We drink a lot. We talk about books. We laugh until we get cramps.
Or maybe I am just hanging out with the wrong writers?
Dogs, cats, budgies, or turtles?
Yes, please. Right now I have Bagel the hound dog; Franz Schubert, a Maine coon cat; Boggart the yellow kitten; and four gerbils individually named Snickers, That Cross Dressing Poet Tennyson, Alice, and Cozy Mole Mouse, but usually spoken of as a single entity called The Mice Ladies.

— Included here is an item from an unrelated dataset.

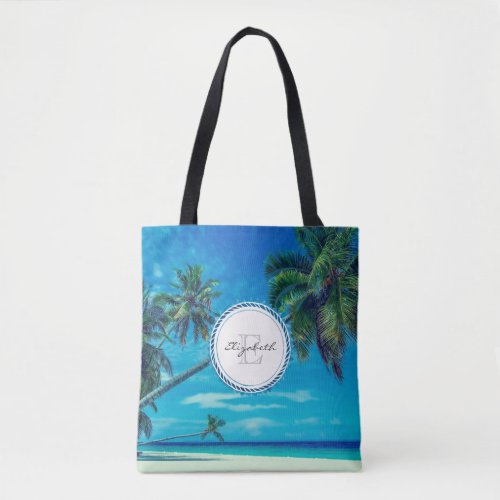 Sandy White Beach with Tropical Palms Monogram Tote Bag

I'd also like a baby African hedgehog, so I can raise him up and call him Pigling Bland. And I need a horse again, now that my kids are older. And a nanny goat to keep the horse company. And an African Grey Parrot. I quite like snakes for their grippy, cool aliveness, so I'd like to have some sort of constrictor and also an enormous iguana so I could name him Gustav Klimt.
My husband says there is a mathematical formula for the number of animals I need to be happy: X plus 1, where X is the number of animals we have right now.
Recommend five or more books on a single subject of personal interest or expertise.
Books that are chock-full of God. In the good way.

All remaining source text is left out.